*Your task*. Copy out the first line of the listing and every line after it, exactly, until you have copied the line containing "Wall Mural - Blue".

*Dataset records*.
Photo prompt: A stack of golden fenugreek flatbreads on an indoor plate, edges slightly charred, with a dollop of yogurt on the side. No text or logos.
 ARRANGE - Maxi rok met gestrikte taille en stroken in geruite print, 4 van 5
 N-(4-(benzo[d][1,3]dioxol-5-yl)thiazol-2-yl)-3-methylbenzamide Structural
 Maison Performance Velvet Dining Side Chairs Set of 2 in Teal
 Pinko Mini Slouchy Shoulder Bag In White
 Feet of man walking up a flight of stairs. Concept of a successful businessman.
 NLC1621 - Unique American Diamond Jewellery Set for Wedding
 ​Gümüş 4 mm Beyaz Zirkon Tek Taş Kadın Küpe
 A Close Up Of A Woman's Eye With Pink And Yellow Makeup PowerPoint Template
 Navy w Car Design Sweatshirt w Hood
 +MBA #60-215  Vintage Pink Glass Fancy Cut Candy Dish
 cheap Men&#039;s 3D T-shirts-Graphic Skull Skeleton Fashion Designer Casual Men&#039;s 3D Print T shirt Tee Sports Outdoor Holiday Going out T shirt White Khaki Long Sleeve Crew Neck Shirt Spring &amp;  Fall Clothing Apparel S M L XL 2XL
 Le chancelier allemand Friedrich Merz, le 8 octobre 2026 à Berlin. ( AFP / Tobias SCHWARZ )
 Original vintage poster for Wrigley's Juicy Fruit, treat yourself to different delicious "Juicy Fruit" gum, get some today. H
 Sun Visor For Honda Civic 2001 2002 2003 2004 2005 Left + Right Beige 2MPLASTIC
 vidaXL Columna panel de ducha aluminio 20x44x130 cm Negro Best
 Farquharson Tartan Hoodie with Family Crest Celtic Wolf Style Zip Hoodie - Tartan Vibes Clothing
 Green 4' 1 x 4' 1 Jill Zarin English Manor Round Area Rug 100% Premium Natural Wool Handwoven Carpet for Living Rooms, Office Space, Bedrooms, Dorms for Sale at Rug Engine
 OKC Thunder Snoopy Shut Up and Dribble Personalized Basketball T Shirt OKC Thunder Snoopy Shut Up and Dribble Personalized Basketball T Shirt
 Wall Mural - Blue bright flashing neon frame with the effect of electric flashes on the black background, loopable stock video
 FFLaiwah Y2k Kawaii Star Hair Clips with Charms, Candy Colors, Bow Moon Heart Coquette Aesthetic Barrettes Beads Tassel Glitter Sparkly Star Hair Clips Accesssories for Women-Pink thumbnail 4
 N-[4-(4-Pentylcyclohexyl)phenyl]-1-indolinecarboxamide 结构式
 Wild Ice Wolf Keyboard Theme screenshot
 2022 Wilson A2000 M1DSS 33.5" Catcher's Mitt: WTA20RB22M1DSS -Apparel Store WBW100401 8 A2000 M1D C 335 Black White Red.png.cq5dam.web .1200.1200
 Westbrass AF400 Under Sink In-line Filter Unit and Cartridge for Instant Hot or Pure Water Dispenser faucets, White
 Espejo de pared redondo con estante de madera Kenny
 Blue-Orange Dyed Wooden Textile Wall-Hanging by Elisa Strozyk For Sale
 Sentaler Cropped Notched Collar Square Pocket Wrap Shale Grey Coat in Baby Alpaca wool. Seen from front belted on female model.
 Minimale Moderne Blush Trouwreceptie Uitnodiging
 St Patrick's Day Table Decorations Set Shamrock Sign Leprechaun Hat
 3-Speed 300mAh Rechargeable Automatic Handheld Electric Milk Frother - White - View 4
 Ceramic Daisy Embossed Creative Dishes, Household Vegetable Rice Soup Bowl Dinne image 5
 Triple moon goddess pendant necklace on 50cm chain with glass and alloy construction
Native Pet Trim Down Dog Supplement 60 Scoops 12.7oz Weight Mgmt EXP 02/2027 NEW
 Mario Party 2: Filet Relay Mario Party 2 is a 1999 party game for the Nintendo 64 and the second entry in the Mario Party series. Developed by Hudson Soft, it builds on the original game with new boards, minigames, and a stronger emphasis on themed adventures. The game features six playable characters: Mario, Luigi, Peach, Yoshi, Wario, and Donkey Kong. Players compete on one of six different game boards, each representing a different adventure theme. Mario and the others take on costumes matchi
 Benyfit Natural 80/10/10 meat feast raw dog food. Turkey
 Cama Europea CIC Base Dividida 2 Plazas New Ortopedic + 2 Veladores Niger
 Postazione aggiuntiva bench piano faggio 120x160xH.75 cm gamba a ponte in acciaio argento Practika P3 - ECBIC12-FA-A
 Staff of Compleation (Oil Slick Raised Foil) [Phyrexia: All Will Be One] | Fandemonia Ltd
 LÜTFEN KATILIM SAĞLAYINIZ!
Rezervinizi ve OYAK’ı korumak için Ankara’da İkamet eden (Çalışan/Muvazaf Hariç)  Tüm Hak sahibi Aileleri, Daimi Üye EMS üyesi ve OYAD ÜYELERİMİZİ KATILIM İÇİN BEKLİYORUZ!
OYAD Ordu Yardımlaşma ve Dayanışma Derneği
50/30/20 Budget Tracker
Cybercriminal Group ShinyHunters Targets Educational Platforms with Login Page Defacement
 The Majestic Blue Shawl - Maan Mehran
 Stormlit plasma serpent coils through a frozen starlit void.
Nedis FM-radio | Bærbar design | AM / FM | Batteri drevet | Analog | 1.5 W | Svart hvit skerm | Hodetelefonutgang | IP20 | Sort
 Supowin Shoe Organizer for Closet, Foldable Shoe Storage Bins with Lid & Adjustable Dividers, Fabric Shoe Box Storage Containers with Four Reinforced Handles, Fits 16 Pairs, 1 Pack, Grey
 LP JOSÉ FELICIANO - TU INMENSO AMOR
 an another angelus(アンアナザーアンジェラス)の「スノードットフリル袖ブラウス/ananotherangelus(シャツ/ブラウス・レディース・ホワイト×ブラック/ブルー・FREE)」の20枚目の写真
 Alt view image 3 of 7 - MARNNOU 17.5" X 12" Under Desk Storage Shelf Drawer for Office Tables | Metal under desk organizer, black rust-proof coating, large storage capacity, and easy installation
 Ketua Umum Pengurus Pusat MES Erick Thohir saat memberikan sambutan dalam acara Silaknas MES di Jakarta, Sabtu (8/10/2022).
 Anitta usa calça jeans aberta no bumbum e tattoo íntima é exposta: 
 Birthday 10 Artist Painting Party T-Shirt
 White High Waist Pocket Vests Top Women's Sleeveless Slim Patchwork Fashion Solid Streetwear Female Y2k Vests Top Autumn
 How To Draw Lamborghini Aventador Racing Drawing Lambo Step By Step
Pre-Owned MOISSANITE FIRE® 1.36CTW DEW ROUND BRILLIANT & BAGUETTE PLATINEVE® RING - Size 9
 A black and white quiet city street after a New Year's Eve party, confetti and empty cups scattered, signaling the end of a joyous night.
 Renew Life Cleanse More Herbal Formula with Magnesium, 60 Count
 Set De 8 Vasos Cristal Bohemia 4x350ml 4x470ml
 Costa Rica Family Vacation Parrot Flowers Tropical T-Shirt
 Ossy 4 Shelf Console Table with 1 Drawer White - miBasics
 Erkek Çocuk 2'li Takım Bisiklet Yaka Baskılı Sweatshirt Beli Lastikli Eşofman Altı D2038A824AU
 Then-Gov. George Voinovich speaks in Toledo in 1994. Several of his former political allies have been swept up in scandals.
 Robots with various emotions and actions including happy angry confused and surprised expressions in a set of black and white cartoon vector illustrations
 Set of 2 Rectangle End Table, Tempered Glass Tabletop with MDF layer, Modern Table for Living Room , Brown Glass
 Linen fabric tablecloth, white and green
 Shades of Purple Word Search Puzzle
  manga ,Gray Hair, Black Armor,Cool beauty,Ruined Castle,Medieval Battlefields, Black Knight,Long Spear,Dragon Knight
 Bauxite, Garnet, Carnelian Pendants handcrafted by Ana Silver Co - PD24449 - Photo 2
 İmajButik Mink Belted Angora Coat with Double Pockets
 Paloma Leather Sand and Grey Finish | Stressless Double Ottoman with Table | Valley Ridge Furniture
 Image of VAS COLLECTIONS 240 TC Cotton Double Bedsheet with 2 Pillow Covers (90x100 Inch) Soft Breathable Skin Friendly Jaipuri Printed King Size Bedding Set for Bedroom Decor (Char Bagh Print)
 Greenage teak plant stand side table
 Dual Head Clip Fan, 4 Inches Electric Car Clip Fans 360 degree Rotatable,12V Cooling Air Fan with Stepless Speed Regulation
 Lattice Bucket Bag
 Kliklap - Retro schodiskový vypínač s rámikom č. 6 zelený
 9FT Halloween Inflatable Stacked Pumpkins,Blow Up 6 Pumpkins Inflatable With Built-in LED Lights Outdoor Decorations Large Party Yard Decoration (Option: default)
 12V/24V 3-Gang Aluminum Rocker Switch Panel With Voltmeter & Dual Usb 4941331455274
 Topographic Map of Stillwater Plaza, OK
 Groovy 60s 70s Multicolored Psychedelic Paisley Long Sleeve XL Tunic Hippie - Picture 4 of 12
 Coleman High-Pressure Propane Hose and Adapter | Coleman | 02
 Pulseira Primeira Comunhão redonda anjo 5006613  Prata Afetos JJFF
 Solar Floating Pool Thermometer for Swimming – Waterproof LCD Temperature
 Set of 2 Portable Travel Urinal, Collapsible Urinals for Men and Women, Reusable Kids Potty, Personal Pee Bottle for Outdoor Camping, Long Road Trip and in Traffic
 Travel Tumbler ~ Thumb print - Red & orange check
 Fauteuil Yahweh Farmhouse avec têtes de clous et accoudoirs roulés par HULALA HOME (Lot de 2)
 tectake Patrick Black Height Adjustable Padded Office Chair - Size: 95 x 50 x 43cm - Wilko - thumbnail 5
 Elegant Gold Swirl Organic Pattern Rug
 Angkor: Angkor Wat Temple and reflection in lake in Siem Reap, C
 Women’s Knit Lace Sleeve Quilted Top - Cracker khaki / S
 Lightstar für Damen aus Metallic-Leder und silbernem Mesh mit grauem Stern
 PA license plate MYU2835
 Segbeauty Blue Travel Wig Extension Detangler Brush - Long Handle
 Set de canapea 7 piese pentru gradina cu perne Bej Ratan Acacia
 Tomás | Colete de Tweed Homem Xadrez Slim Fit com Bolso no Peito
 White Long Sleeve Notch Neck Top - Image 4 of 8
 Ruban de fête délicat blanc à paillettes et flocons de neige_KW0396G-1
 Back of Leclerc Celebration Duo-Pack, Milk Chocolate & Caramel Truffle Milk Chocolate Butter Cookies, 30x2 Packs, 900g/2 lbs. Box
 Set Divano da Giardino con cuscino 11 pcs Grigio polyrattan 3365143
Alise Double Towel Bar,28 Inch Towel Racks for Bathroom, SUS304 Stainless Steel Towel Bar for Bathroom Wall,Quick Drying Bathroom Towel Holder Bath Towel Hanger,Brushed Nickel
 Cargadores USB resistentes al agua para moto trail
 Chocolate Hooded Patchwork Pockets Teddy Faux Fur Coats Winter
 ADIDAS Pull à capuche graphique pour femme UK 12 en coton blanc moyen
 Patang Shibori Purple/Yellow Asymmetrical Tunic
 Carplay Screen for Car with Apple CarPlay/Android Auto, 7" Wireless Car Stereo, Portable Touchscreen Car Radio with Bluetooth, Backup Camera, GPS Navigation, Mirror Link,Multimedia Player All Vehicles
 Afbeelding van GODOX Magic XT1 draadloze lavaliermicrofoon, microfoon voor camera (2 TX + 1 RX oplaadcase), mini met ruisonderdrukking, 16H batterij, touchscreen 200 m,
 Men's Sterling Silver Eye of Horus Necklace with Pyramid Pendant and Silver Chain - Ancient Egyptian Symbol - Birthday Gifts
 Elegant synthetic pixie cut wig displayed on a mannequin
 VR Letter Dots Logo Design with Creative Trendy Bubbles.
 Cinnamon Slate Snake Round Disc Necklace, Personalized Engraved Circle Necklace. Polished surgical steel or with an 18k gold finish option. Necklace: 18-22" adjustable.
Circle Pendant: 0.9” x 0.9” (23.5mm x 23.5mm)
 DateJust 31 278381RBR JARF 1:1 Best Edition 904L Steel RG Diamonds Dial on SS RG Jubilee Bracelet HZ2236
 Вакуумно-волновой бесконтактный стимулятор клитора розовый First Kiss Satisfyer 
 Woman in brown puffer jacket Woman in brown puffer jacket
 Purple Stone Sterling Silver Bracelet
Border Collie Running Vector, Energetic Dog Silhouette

*Solution*.
Photo prompt: A stack of golden fenugreek flatbreads on an indoor plate, edges slightly charred, with a dollop of yogurt on the side. No text or logos.
 ARRANGE - Maxi rok met gestrikte taille en stroken in geruite print, 4 van 5
 N-(4-(benzo[d][1,3]dioxol-5-yl)thiazol-2-yl)-3-methylbenzamide Structural
 Maison Performance Velvet Dining Side Chairs Set of 2 in Teal
 Pinko Mini Slouchy Shoulder Bag In White
 Feet of man walking up a flight of stairs. Concept of a successful businessman.
 NLC1621 - Unique American Diamond Jewellery Set for Wedding
 ​Gümüş 4 mm Beyaz Zirkon Tek Taş Kadın Küpe
 A Close Up Of A Woman's Eye With Pink And Yellow Makeup PowerPoint Template
 Navy w Car Design Sweatshirt w Hood
 +MBA #60-215  Vintage Pink Glass Fancy Cut Candy Dish
 cheap Men&#039;s 3D T-shirts-Graphic Skull Skeleton Fashion Designer Casual Men&#039;s 3D Print T shirt Tee Sports Outdoor Holiday Going out T shirt White Khaki Long Sleeve Crew Neck Shirt Spring &amp;  Fall Clothing Apparel S M L XL 2XL
 Le chancelier allemand Friedrich Merz, le 8 octobre 2026 à Berlin. ( AFP / Tobias SCHWARZ )
 Original vintage poster for Wrigley's Juicy Fruit, treat yourself to different delicious "Juicy Fruit" gum, get some today. H
 Sun Visor For Honda Civic 2001 2002 2003 2004 2005 Left + Right Beige 2MPLASTIC
 vidaXL Columna panel de ducha aluminio 20x44x130 cm Negro Best
 Farquharson Tartan Hoodie with Family Crest Celtic Wolf Style Zip Hoodie - Tartan Vibes Clothing
 Green 4' 1 x 4' 1 Jill Zarin English Manor Round Area Rug 100% Premium Natural Wool Handwoven Carpet for Living Rooms, Office Space, Bedrooms, Dorms for Sale at Rug Engine
 OKC Thunder Snoopy Shut Up and Dribble Personalized Basketball T Shirt OKC Thunder Snoopy Shut Up and Dribble Personalized Basketball T Shirt
 Wall Mural - Blue bright flashing neon frame with the effect of electric flashes on the black background, loopable stock video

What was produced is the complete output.